A JA4 fingerprint looks like t13d1516h2_8daaf6152771_e43c810504f9. The big benefit of JA4 over JA3 is its structure: it is divided into three separate parts (a, b, and c). The first part (Part A) actually contains cleartext data like the protocol (TCP/QUIC) and TLS version, number of ciphers and extensions in use and HTTP versions, making it partially human readable and allowing for smarter “fuzzy” matching.
This structure also fingerprints additional fields that JA3 missed, such as ALPN (Application Layer Protocol Negotiation) and signature algorithms, giving us a much higher fidelity signal.
Going beyond JA3/JA4: Reading more from the raw TLS data
JA3 and JA4 are great summaries, but they compress the rich structure of a TLS handshake into a single identifier. That’s powerful, but it discards nuance. Teams that care deeply about fraud detection often look at specific pieces of TLS data in more detail.
1. Deep dive into Cipher Suites
Inside the ClientHello, the client sends a list of supported cipher suites. We analyze this list in several ways.
First, we look at the first entries, which reveal the client’s strongest preferences. Different browser engines (Blink, WebKit, Gecko) prioritize ciphers differently, so a “Safari” user sending “Chrome style” preferences is an immediate red flag.
Second, we look at the total number of ciphers. A very high or very low number is often a quick signal of suspicious activity, as bots or stripped down tools rarely match the standard length of a full browser.
Finally, we analyze the composition of the list itself. Typical browser versions use a consistent, predictable set of cipher suites.
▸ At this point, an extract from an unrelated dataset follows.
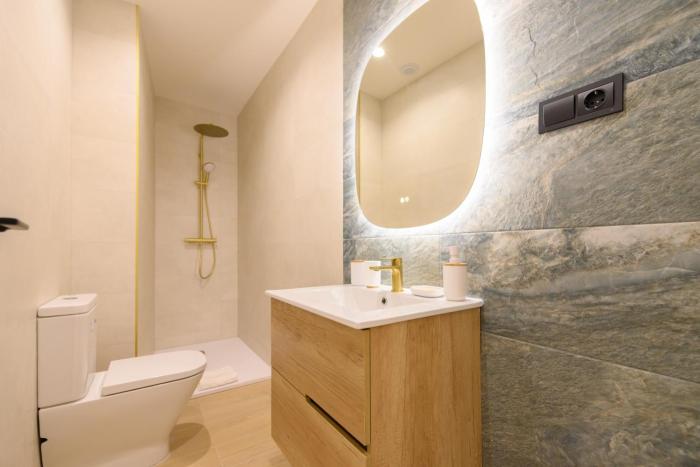 Tu hogar en la ciudad piso de 3 habitaciones 3 baños y todo el confort moderno Madrid AGU230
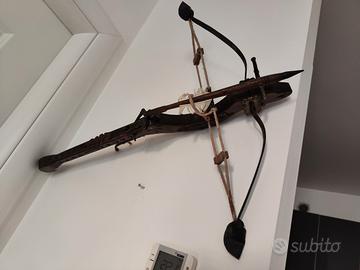 RIPRODUZIONE BALESTRA MEDIOEVALE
By identifying the specific cryptographic library (like OpenSSL vs. BoringSSL) and cross reference the set with the claimed browser version, we can spot imposters, like a client claiming to be the latest Chrome but missing a cipher that was introduced in that very update.
2. Supported TLS versions
Modern browsers generally support at least TLS 1.2 and TLS 1.3. Very old versions or unusual patterns can indicate legacy stacks or customized TLS implementations (bots, scrapers).
We can define “modern expectations” per engine. If a recent Chrome/Firefox does not offer the latest TLS versions, that is notable. If it offers very old versions as well, that may be suspicious depending on context.
3. GREASE and other subtle hints
Browsers like Chrome use a technique called GREASE (Generate Random Extensions And Sustain Extensibility) to keep the ecosystem healthy: they advertise some “garbage” values in certain TLS fields to ensure servers handle unknown values correctly.
Different engines handle GREASE slightly differently. The pattern of GREASE related fields in the handshake can be characteristic. If a client presents GREASE patterns that don’t match its claimed engine, that is a red flag.
Conclusion
The industry’s move toward JA4 is a welcome advancement, and we are proud to have been early adopters of the standard. It provides a robust foundation for identifying clients in an increasingly complex landscape. Yet, as browsers introduce new privacy features and automation tools become better at mimicking legitimate traffic while becoming better at hiding the things that distinguish them from real browsers, the race doesn’t end there. Defenders cannot rely on signatures alone; we must dig deeper into the nuance of the connection. Ultimately, the TLS handshake is a language, and if you know how to listen, it tells you exactly who is speaking.